Şeyh Said isyanıyla ilgili muhalefetin yaptığı açıklamalara ilişkin değerlendirmelerde bulunan Dilara Tambova açıklamasında “Son günlerde, gündemi meşgul eden ve bize göre yoruma dahi açık olmayan şeyh said isyanıyla ilgili, muhalif cenahtan; destekleyici ya da flu açıklamalar yapılması, ülkemizde, milli siyasetin nerelere geldiğinin de acı bir göstergesidir.” ifadelerine yer verdi.

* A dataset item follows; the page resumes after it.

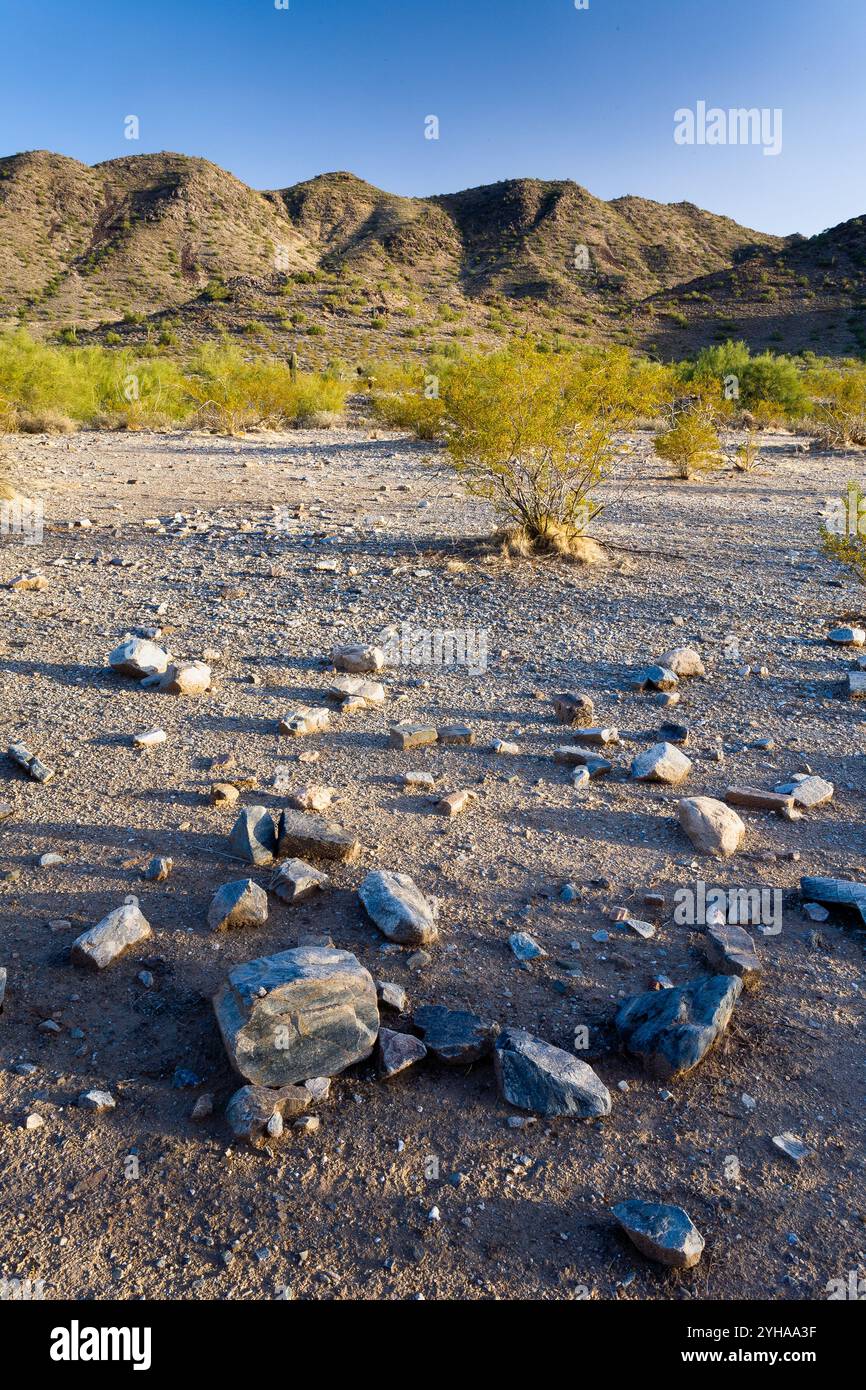 A cluster of loose rocks scattered across the desert floor below the ...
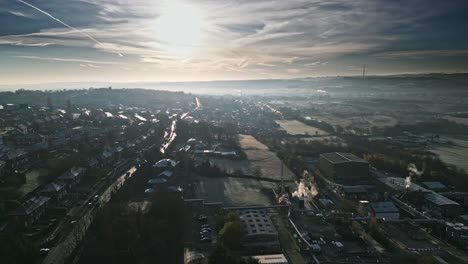 cold winter aerial footage of a town city landscape, with low afternoon lighting and freezing sunlit houses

“Açık ve net bir Atatürkçü olarak, siyaseti, Atatürk’ün çizdiği yolda devam ettirdiği iddiasında olan partinin de bu meseleye tereddütsüz yaklaşması beklentisi içindeydim.” diyen Siyaset bilimci ve politikacı Tambova, sözlerine şöyle devam etti:
“Lakin! Beklentimi boşa çıkararak; mevzuyu, tarihçilere havale etmek ve birkaç genel geçer sözle geçiştirmek, kamuoyunu ve duyarlı muhalif seçmeni ikna etmekten ziyadesiyle uzaktır. Zira bu konu, tarihçilerin olduğu kadar devleti yönetmeye talip olan siyasetçilerin ve liderlerin de en öncelikli meselesidir.”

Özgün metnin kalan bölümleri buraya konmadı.